Today’s Reflection
Note: This week’s New Every Morning follows the format of our featured title, Rally: Communal Prayers for Lovers of Jesus and Justice, which addresses issues of social justice through a compilation of reflections and call-and-response prayers known as litanies.
I am a person of strong conviction and intense moral righteousness. I have a lot of ideas about how I think a “true Christian” should live in this world, and none of them is fainthearted. I don’t think Christians should make much money, so they can ally with the marginalized. I believe we must live very simply to care for the earth — leave fossil fuels behind, grow our food, try not to produce trash. I don’t think we should perpetuate war, and I feel racism and the love of money are major demons in this world. By now you get what I mean. Maybe you don’t want to meet me at a party.
God’s little joke is that many of the beautiful Christians I love deeply don’t share any of these convictions.
—Dee Dee Risher, “Ears to Hear: A Litany for Listening One to the Other,” in Rally: Communal Prayers for Lovers of Jesus and Justice, edited and compiled by Britney Winn Lee (Fresh Air Books, 2020)
Today’s Question
How do you manage your relationships with other Christians who don’t share your convictions?
Join the conversation.
Today’s Scripture
For this very reason, you must make every effort to support your faith with excellence, and excellence with knowledge, and knowledge with self-control, and self-control with endurance, and endurance with godliness, and godliness with mutual affection, and mutual affection with love.
—2 Peter 1:5-7 (NRSVUE)
Today’s Litany
ONE: O moving Spirit, displace us from our convictions
ALL: Into prayer.
ONE: Move us from our certainty
ALL: Into all we do not know.
ONE: Change us from warriors of righteousness
ALL: To people who know brokenness in ourselves and others.
ONE: Crack open our certain hearts,
ALL: Until we can whisper in the hollow spaces, “We may not be right.”
—Dee Dee Risher, “Ears to Hear: A Litany for Listening One to the Other”
Submit your prayer to The Upper Room.
Something More
Meet Jesus at the intersection of faith and justice with our new Lenten resource.

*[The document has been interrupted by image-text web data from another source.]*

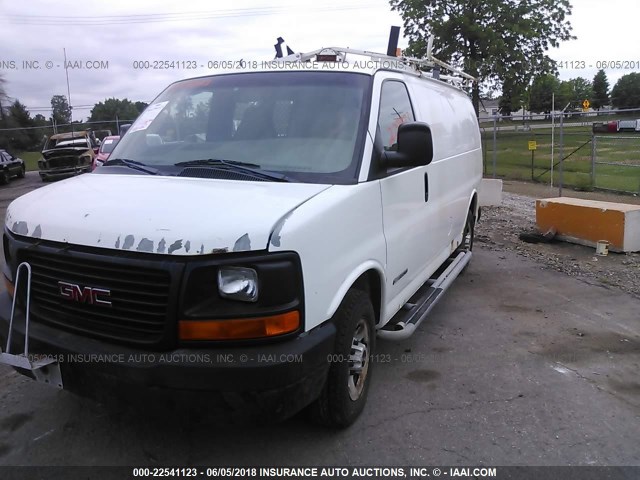 1GTGG25V841911851 - 2004 GMC SAVANA G2500 WHITE photo 2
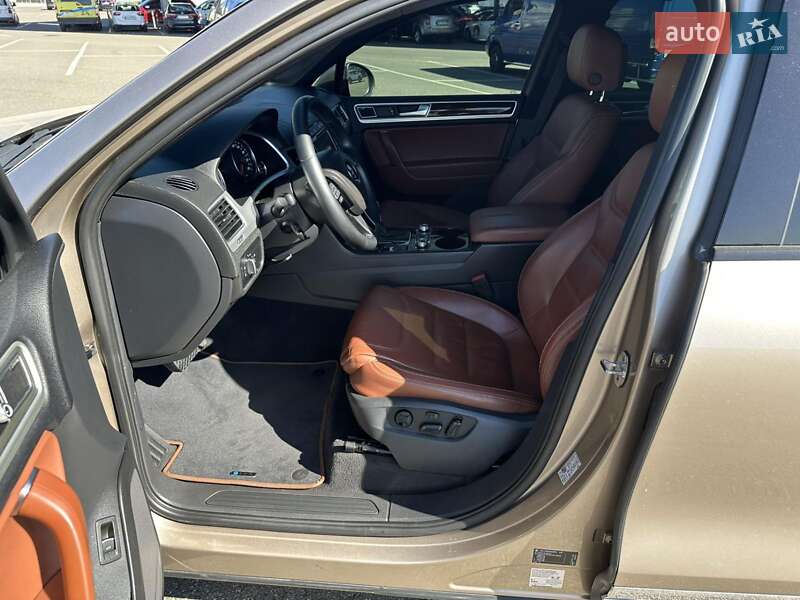 Позашляховик / Кросовер Volkswagen Touareg 2015 в Києві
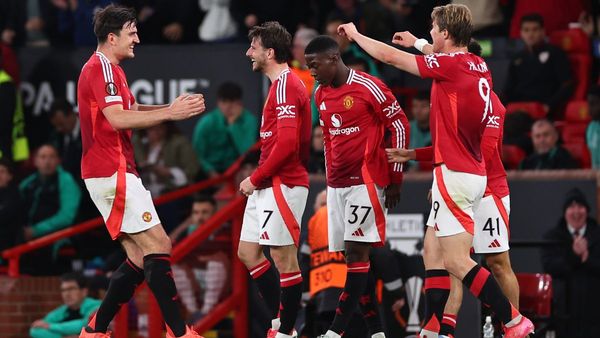 Mount's Two Goals Lead Man Utd to Final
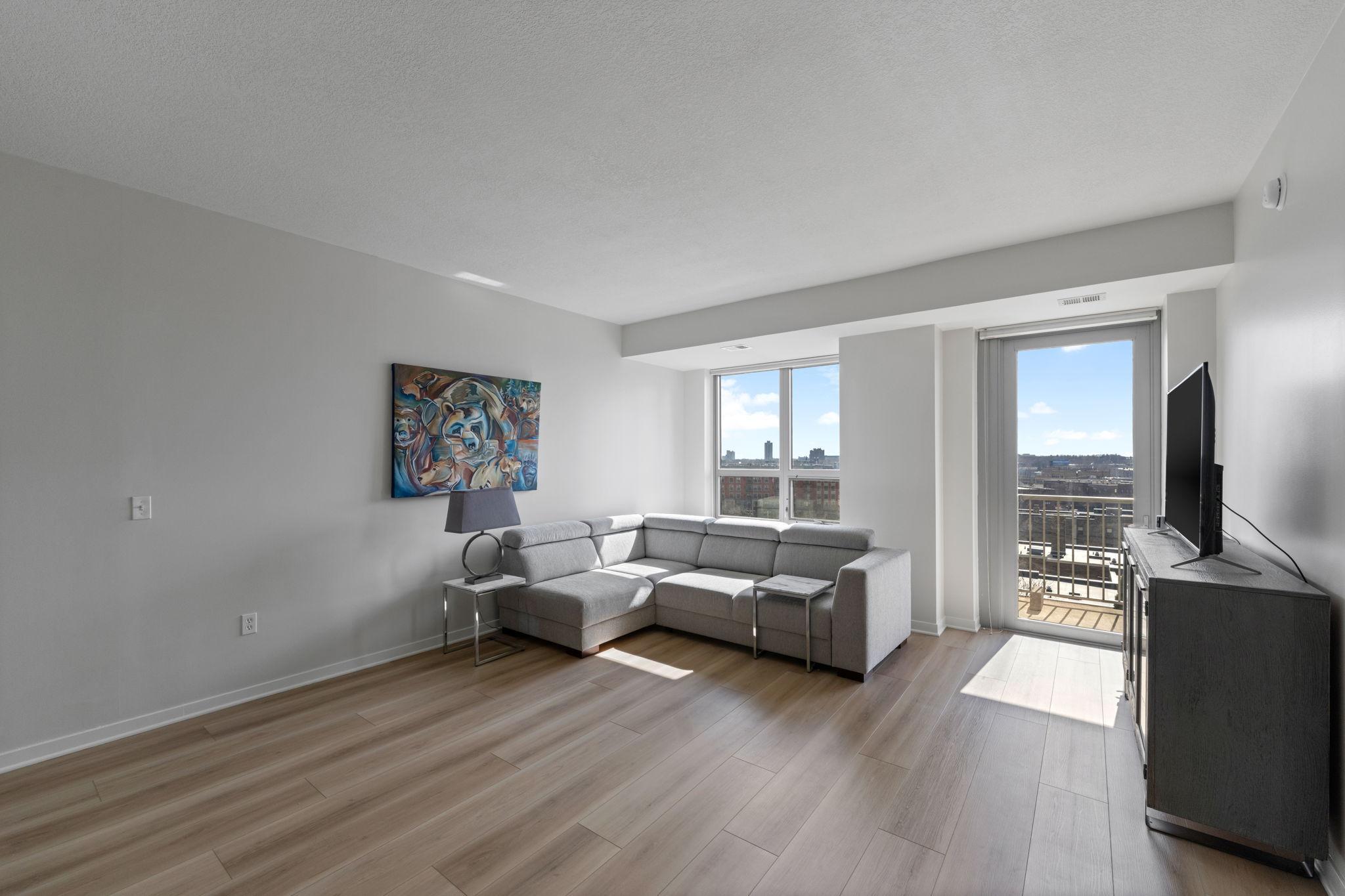 929 Portland Avenue 811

In Where We Meet, a collective of writers and activists invite you to immerse yourself in the stories of Jesus and the early church throughout the Lenten season. Learn more and download a free sample here.
Lectionary Readings
(Courtesy of Vanderbilt Divinity Library)
Looking for lectionary-based resources? Learn more about The Upper Room Disciplines.
3 Comments
While I am not perfect in doing this, I think 2Peter 1:5-7 clearly tells me what I should do concerning Christians who do not share my convictions. A Roman Catholic internet friend has begun sending me sermons. Yes, there is a core of Christian belief we all share. That’s a blessing in the spirit of ecumenism.
It should be a great day on the slopes with the wonderful snow that came. Will be off to find out in a little while.
Have to take advantage as rain is in the forecast for Wednesday.. It’s a roller coaster season of great and not so great skiing. Thankful for the opportunities that present themselves. Thank You, Lord.
Today’s question goes hand in hand with the one I asked the NEM family several weeks ago about how to respond to people asking how I can admit to being a Christian in light of what Christians on the national stage do. I am so grateful for the members of our family here who helped me with that.
I have many Christian friends who don’t share my convictions. The following is going to be fairly stream of consciousness, so here goes:
1. the Second Peter passage provided above and which Robert commented on is absolutely fundamental. So is 1 Peter 2:17 about loving the brotherhood and sisterhood of believers. I endeavor (with God’s help) to love all Christian believers with an agape love.
2. I believe those who I think are so far off from Jesus’s teachings are genuinely misled. I pray hard and frequently that their hearts would change on those issues about which they have been misled. I also couple those prayers with the prayer that I not be misled, either, asking God to help me see where my convictions are wrong.
3. I admit that this is hard and it breaks my heart. Lord help me, but I can almost see the Enemy grinning and rubbing his hands together over how Christians are being misled by certain leaders in this country.
4. It has also broken my heart that a number of my close Christian friends have taken on personas that deem it okay to say prejudiced things and make political statements based on false science. Also statements about the origins of the United States which are not true historically.
5. It truly breaks my heart, and I do stand up to such statements. I do this by first gently remaining silent when someone makes an offensive or false statement. Simply not responding or going along with them (which they sometimes expect me to do because they consider their views to be something all Christians today would believe.) If they pursue it, I state my disagreement or offense taken at the statement and request that they not continue down the path they have started in the conversation. Then I seek to move the conversation in another directions if they persist, sometimes citing scripture if I know of any that is helpful.
6. I can’t say that any of this is really changing minds, but I try hard to listen for what God may be saying to me either in my heart or through what the other person is saying.
I would love to hear others’ thoughts on this topic. Blessing to all!
I, like Rusty, stare at the person wordlessly and then change the discussion to an inane subject such as the weather. This conveys without confrontation, my annoyance and disagreement. I do this because engaging in a “discussion,” in the true meaning of the phrase, is impossible in today’s fraught climate.